What's the result of $\sum_{k=1}^{\infty} {k \cdot \left[ (1-2^{-k})^n - (1-2^{-k+1})^n \right]}$?

Question

Came from the problem "Expectation of maximum times of doing $n$ times of flipping coin tests until getting the reverse side".

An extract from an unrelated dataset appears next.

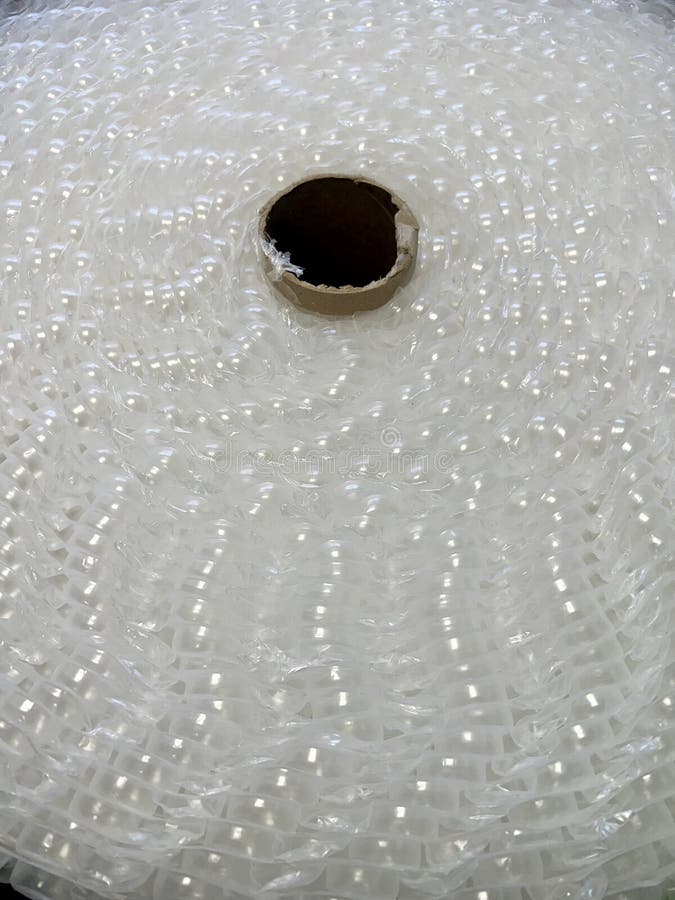 Bubble Wrap stock image. Image of protection, roll, plastic 268870247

The probability of maximum times of flipping among $n$ independent tests should be: $$ \begin{align} \text{Pr}(X = 1) &= \frac{1}{2^n} \\ \text{Pr}(X = 2) &= \sum_{i=1}^n {}_n C_i \left(\frac{1}{2^2} \right)^i \left(\frac{1}{2} \right)^{n-i} = \left(\frac{3}{4} \right)^n - \left(\frac{1}{2} \right)^n \\ \text{Pr}(X = 3) &= \sum_{i=1}^n {}_n C_i \left(\frac{1}{2^3} \right)^i \left(\frac{1}{2} + \frac{1}{2^2} \right)^{n-i} = \left(\frac{7}{8} \right)^n - \left(\frac{3}{4} \right)^n \\ & \cdots \\ \text{Pr}(X = k) &= \sum_{i=1}^n {}_n C_i \left(\frac{1}{2^k} \right)^i \left(\sum_{j=1}^{k-1}\frac{1}{2^j} \right)^{n-i} = \left(\frac{2^k-1}{2^k} \right)^n - \left(\frac{2^{k-1}-1}{2^{k-1}} \right)^n \end{align} $$

Therefore, I get the sum of series: $$ E(X) = \sum_{k=1}^{\infty} k \cdot P(X=k) = \sum_{k=1}^{\infty} {k \cdot \left[ (1-2^{-k})^n - (1-2^{-k+1})^n \right]} $$

See also Expectation of the maximum of i.i.d. geometric random variables for similar problem. Unfortunately, there seems to be no closed-form solution to this problem.

Answer 1

Partial solution

I'm not sure whether the closed form for the sum can be obtained, but we can get a very simple approximation that perfectly works for a wide range of $n$.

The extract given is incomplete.